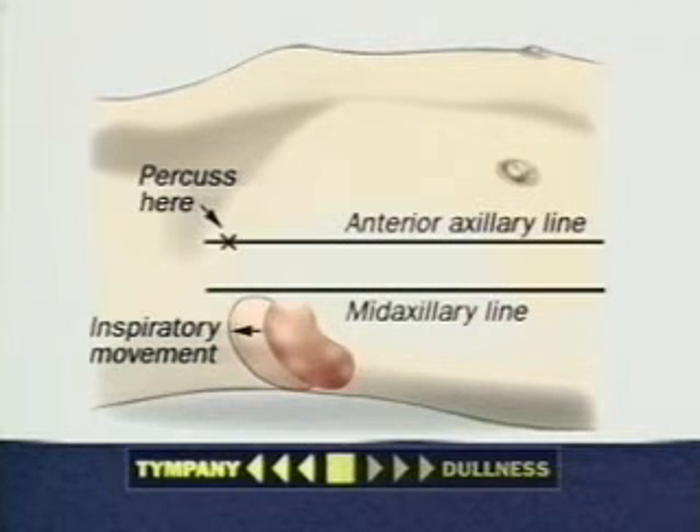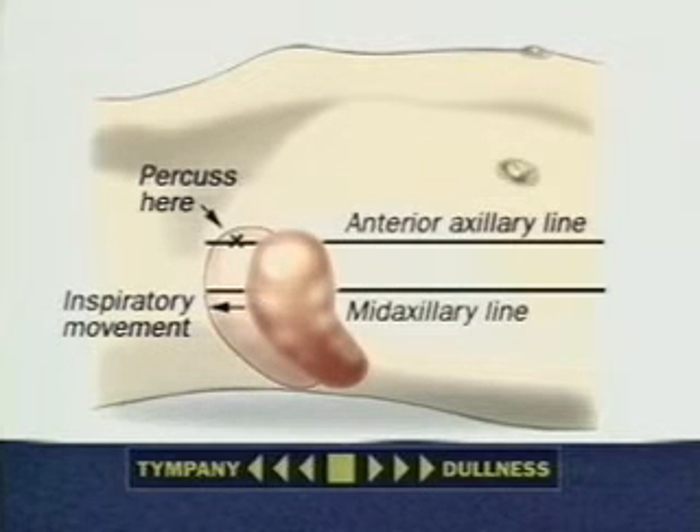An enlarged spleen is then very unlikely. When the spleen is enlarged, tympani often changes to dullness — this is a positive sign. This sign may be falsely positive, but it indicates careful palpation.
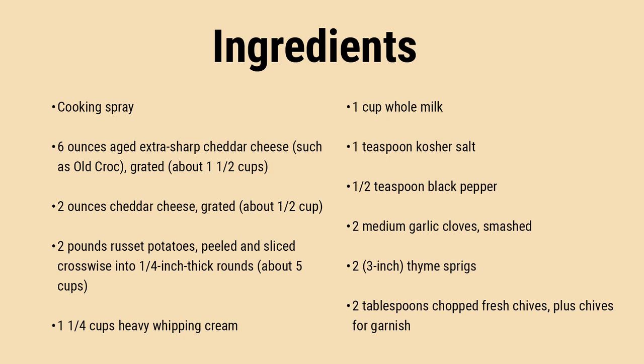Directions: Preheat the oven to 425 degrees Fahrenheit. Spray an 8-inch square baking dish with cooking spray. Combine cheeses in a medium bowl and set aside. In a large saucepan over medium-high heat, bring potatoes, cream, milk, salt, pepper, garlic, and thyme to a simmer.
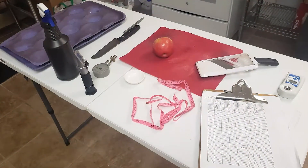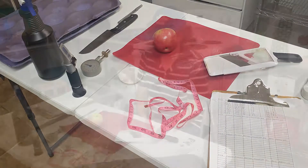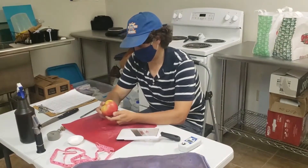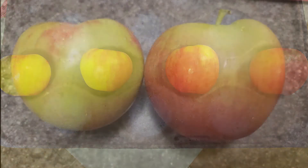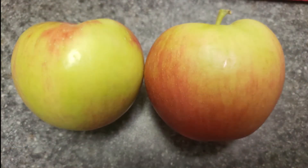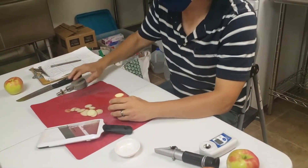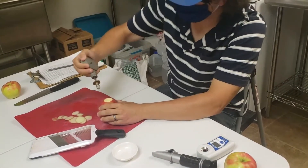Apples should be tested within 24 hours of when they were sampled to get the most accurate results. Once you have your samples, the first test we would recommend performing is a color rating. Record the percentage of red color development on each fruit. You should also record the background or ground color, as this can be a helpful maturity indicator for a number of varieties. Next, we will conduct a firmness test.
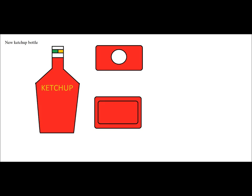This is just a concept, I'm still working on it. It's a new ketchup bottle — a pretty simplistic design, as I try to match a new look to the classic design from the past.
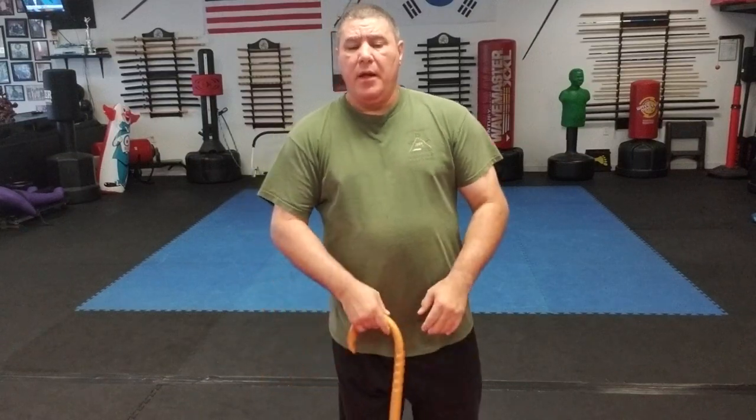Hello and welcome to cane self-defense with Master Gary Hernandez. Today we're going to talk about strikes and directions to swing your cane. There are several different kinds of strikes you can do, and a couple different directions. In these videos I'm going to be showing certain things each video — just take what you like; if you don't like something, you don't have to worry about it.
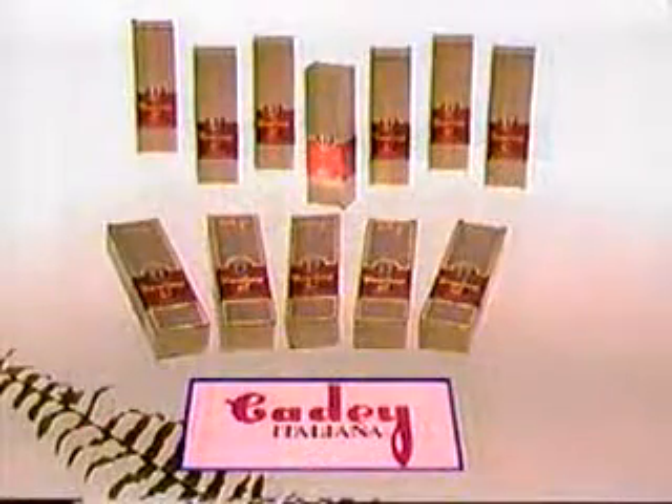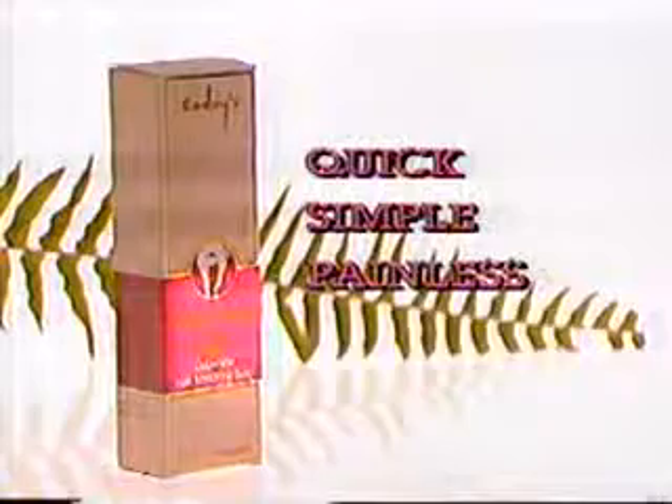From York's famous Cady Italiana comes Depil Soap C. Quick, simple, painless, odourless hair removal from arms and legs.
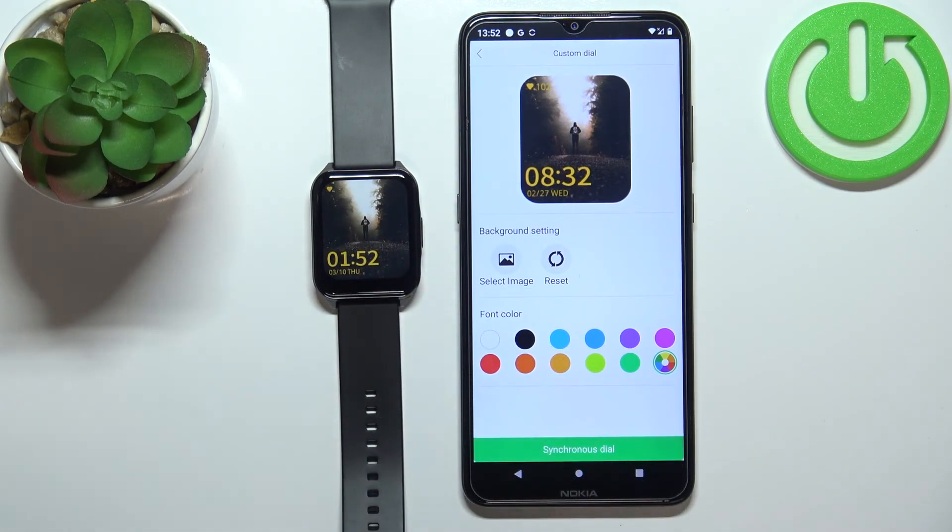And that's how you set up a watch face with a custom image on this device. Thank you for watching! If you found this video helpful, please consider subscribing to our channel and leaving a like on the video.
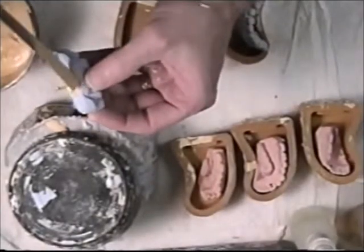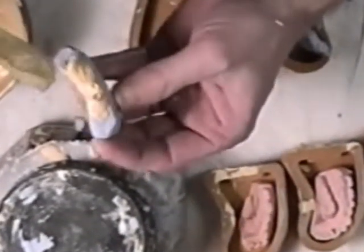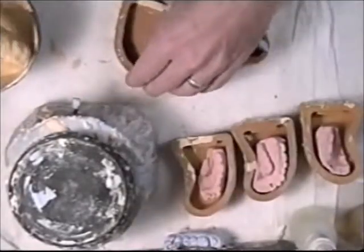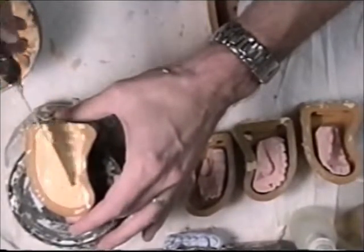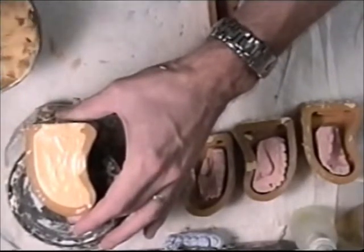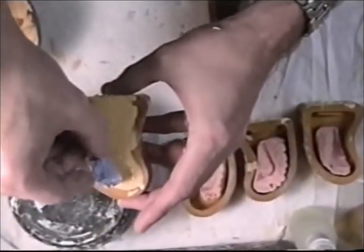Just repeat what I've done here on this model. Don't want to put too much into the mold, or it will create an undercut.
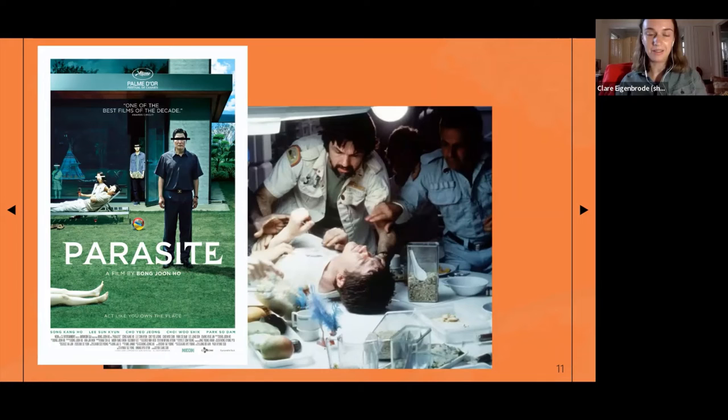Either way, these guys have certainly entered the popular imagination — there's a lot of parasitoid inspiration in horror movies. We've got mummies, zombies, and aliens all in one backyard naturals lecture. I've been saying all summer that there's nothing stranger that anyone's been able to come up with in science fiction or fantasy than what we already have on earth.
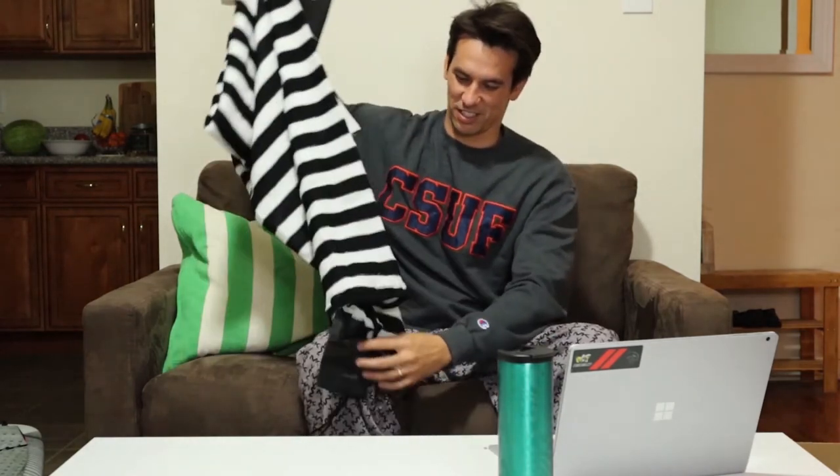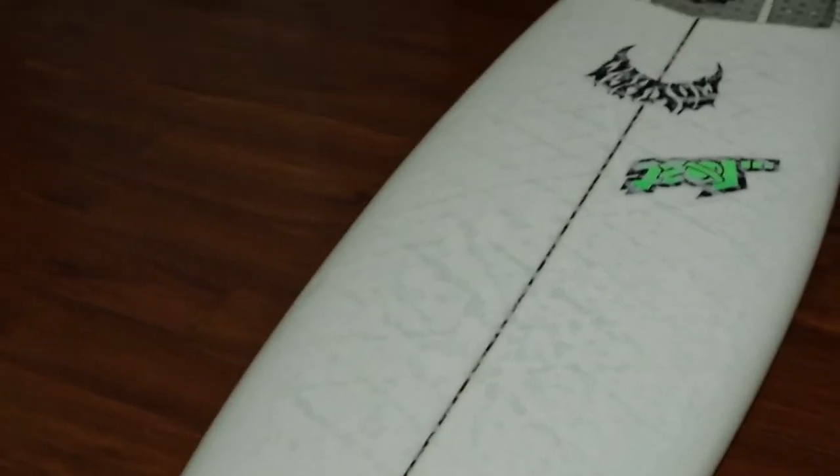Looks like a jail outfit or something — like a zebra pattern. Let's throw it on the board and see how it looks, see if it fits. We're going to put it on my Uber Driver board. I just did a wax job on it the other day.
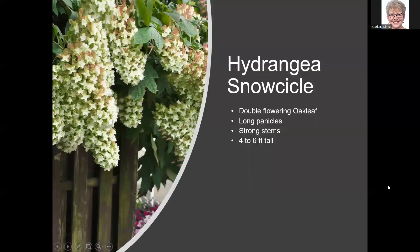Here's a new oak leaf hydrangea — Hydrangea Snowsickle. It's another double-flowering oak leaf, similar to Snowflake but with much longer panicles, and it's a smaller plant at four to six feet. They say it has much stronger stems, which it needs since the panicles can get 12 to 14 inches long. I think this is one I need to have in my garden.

· · · · · · ·

Work task: Your answer must be an exact copy of the records, minus any pictures.

Response for this exercise:
An enlarged spleen is then very unlikely. When the spleen is enlarged, tympani often changes to dullness — this is a positive sign. This sign may be falsely positive, but it indicates careful palpation.
Directions: Preheat the oven to 425 degrees Fahrenheit. Spray an 8-inch square baking dish with cooking spray. Combine cheeses in a medium bowl and set aside. In a large saucepan over medium-high heat, bring potatoes, cream, milk, salt, pepper, garlic, and thyme to a simmer.
Apples should be tested within 24 hours of when they were sampled to get the most accurate results. Once you have your samples, the first test we would recommend performing is a color rating. Record the percentage of red color development on each fruit. You should also record the background or ground color, as this can be a helpful maturity indicator for a number of varieties. Next, we will conduct a firmness test.
This is just a concept, I'm still working on it. It's a new ketchup bottle — a pretty simplistic design, as I try to match a new look to the classic design from the past.
Hello and welcome to cane self-defense with Master Gary Hernandez. Today we're going to talk about strikes and directions to swing your cane. There are several different kinds of strikes you can do, and a couple different directions. In these videos I'm going to be showing certain things each video — just take what you like; if you don't like something, you don't have to worry about it.
From York's famous Cady Italiana comes Depil Soap C. Quick, simple, painless, odourless hair removal from arms and legs.
And that's how you set up a watch face with a custom image on this device. Thank you for watching! If you found this video helpful, please consider subscribing to our channel and leaving a like on the video.
Just repeat what I've done here on this model. Don't want to put too much into the mold, or it will create an undercut.
Either way, these guys have certainly entered the popular imagination — there's a lot of parasitoid inspiration in horror movies. We've got mummies, zombies, and aliens all in one backyard naturals lecture. I've been saying all summer that there's nothing stranger that anyone's been able to come up with in science fiction or fantasy than what we already have on earth.
Looks like a jail outfit or something — like a zebra pattern. Let's throw it on the board and see how it looks, see if it fits. We're going to put it on my Uber Driver board. I just did a wax job on it the other day.
Here's a new oak leaf hydrangea — Hydrangea Snowsickle. It's another double-flowering oak leaf, similar to Snowflake but with much longer panicles, and it's a smaller plant at four to six feet. They say it has much stronger stems, which it needs since the panicles can get 12 to 14 inches long. I think this is one I need to have in my garden.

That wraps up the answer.